> _WHAT THE EXERCISE ASKS_:
Down to the last line, print the data that follows exactly, without its pictures.

> _DATASET CONTENT_:
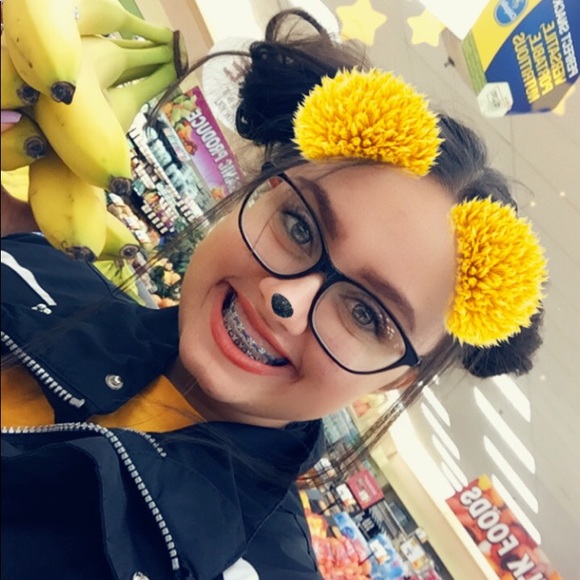 Profile Picture of Adrianna Carter (@adrianna908) on Poshmark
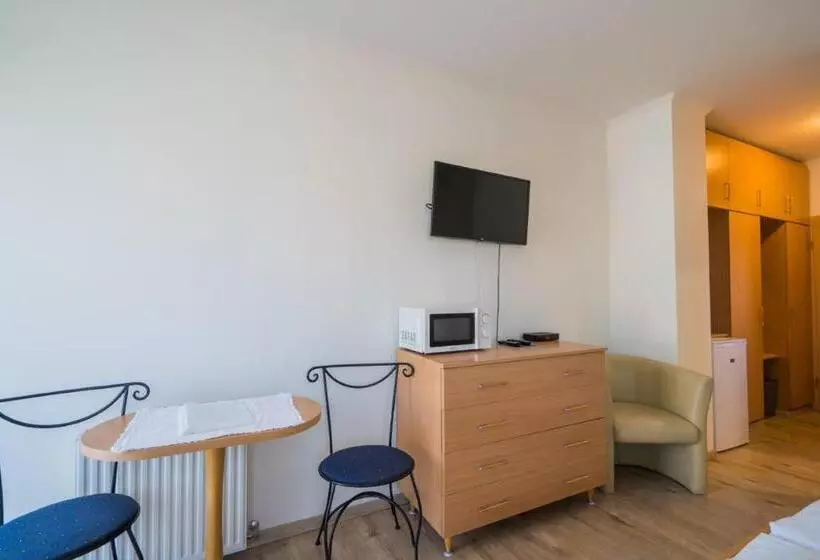 ベッドアンドブレックファースト Jade Panzio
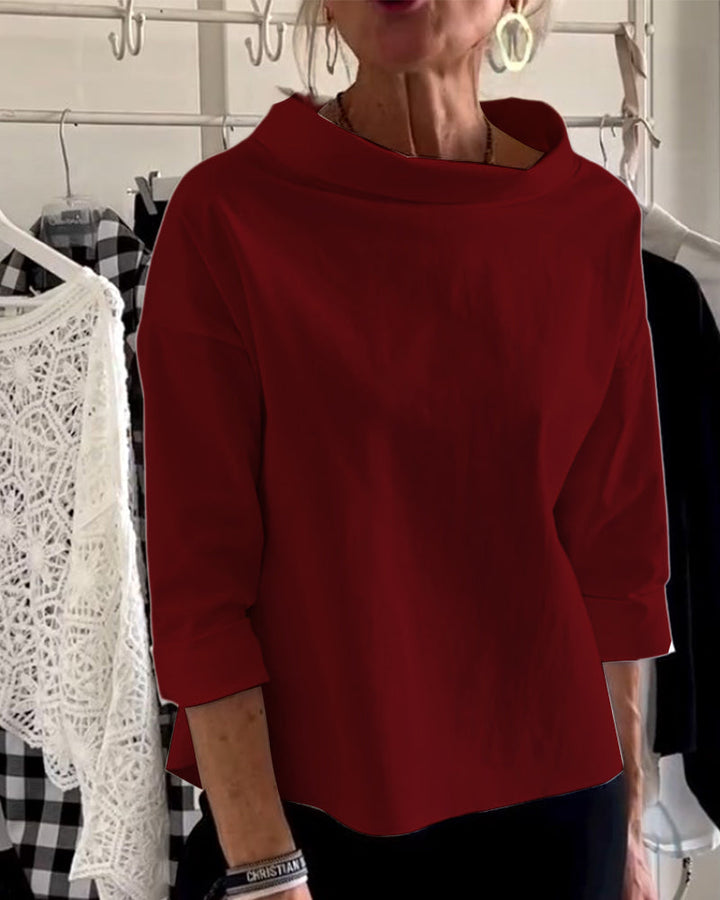 "Elegant Sofia-bluse til kvinder i klassisk sort, frontvisning. Perfekt til både formelle og afslappede lejligheder."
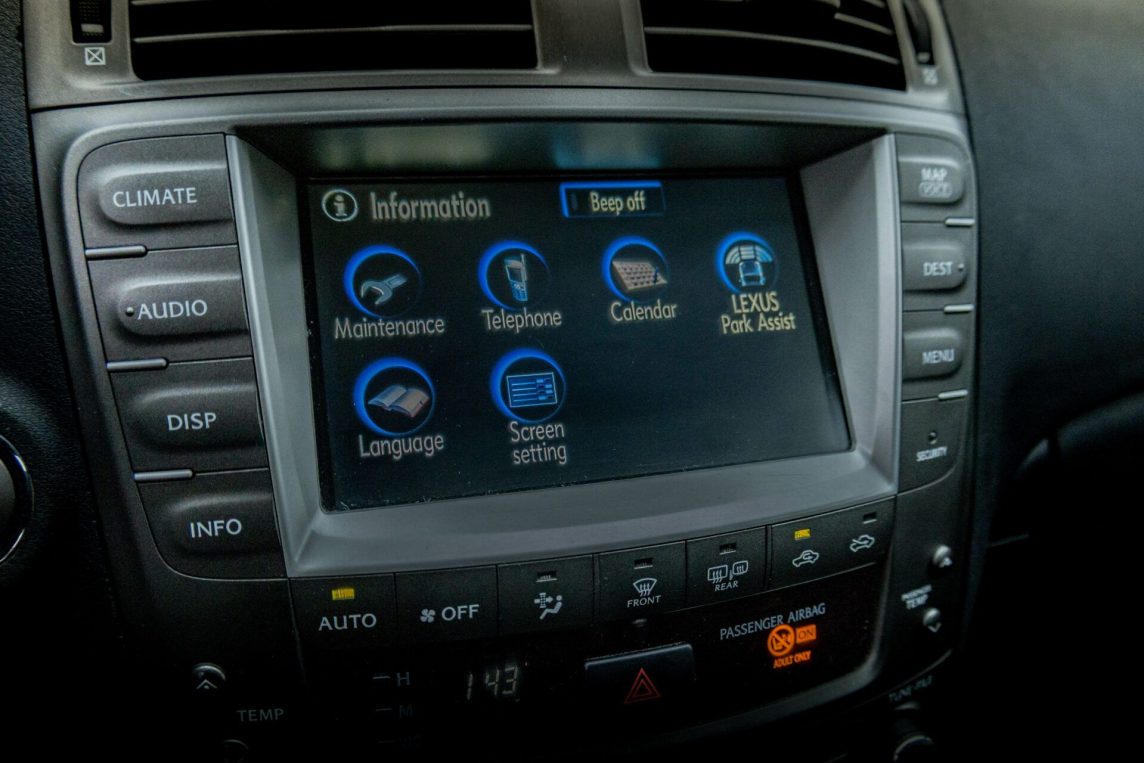 LEXUS IS 220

> _RESULT OF THIS EXERCISE_:
 Profile Picture of Adrianna Carter (@adrianna908) on Poshmark
 ベッドアンドブレックファースト Jade Panzio
 "Elegant Sofia-bluse til kvinder i klassisk sort, frontvisning. Perfekt til både formelle og afslappede lejligheder."
 LEXUS IS 220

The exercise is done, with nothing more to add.